Sängers Trost Op.127-1 Fünf Lieder und Gesänge |
歌人の慰め 5つのリートと歌 |
Weint auch einst kein Liebchen Tränen auf mein Grab, Träufeln doch die Blumen Milden Tau hinab; Weilt an ihm kein Wandrer Im Vorüberlauf, Blickt auf seiner Reise Doch der Mond nach ihm. Denkt auf diesen Fluren Bald kein Erdner mein, Denkt doch mein die Aue Und der stille Hain. Blumen,Hain und Aue, Stern und Mondenlicht, Die ich sang,vergessen Ihres Sängers nicht. |
たとえ泣いてくれなくとも ひとりの恋人とて 涙をわが墓の上へと 滴らせてくれるのだ 花たちが やわらかな露をこの上に たとえ墓のそばに立ち止まってくれなくとも ひとりの旅人とて その道すがらに 見おろしてくれる その旅路の途中に 月が 墓の上から たとえこの野原の上で私を覚えてくれている人が この世に誰もいなくなっても 私のことをなお覚えていてくれる この野原と そしてこの静かな林が 花たちよ 林よ 野原よ 星よ 月の光よ 私はお前たちを歌う 忘れないでくれ お前たちの歌い手のことを |
作品35の12曲からなるケルナ―の詩による歌曲集、もともとはその中に入れられる予定で書かれたものでしょうか。
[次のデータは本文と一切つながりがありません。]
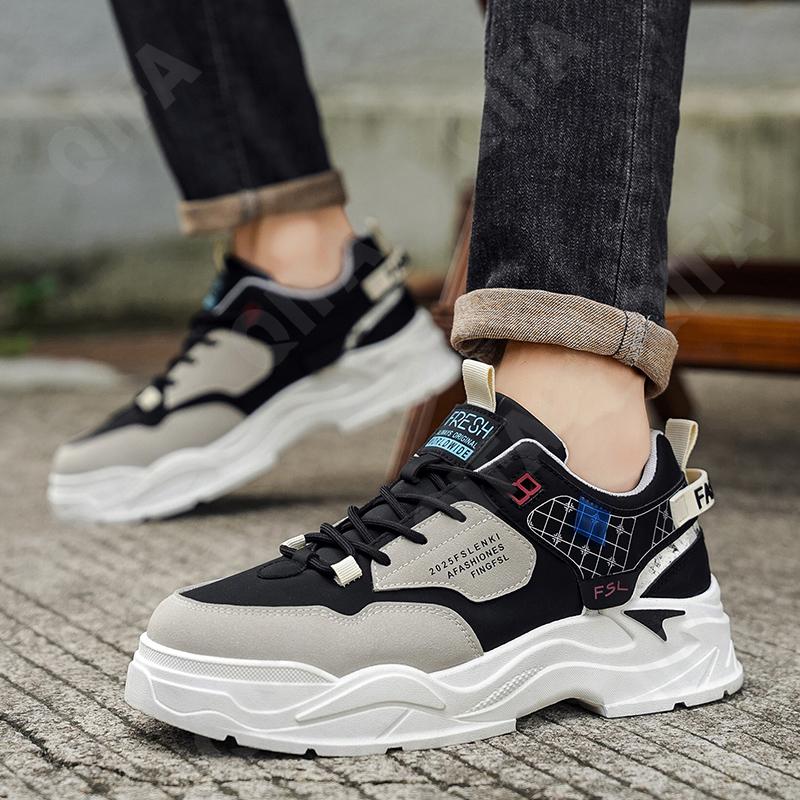 Мужские Кроссовки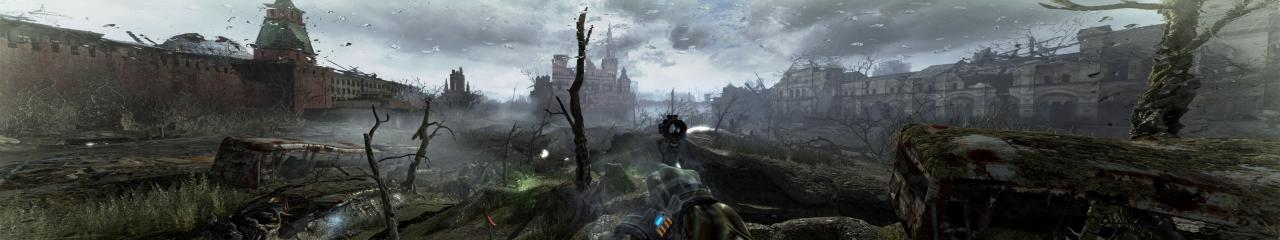[09/08/2013] Metro: Last Light (Einstellung 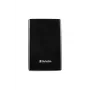 Verbatim Store 'n' Go schlank Portable SSD USB 3.2 Gen 1 / USB-C 256GB Schwarz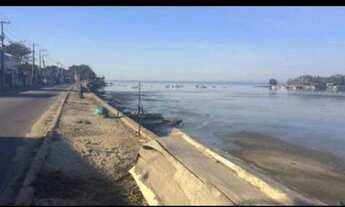 Imagem: Aluga-se kitnet em Sepetiba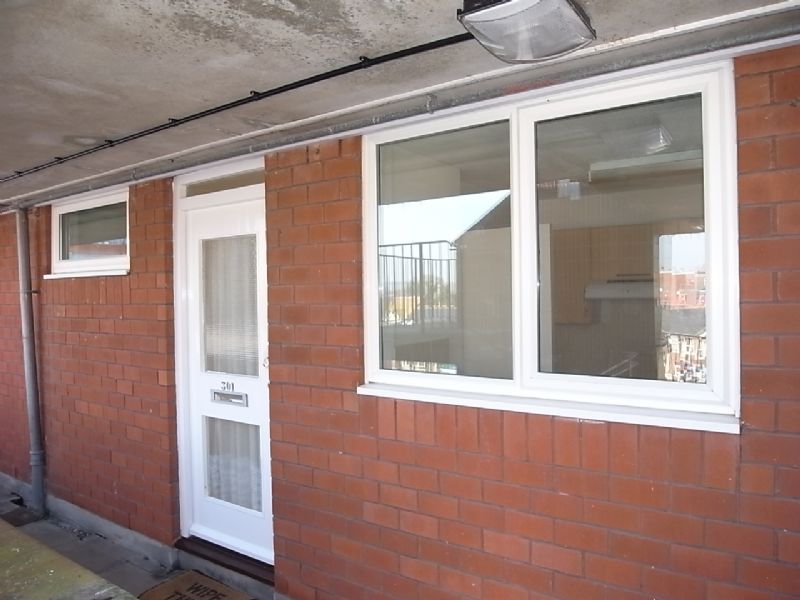 Guildbourne Court, Worthing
息の長い力のこもったメロディは、この曲があの傑作歌曲集に含まれていても決しておかしくないと思えるほどの充実感です。
作品127の5曲はいずれも歌の年1840年に書かれた歌ばかりですが、2・3曲の「詩人の恋」からはずされた歌曲を含め、何らかの事情でその頃に出版されず、シューマンの晩年にまとめて出版されたものです。
同じような歌曲集にもうひとつ作品142があり、こちらの冒頭にもケルナ―の詩による歌曲が収められています。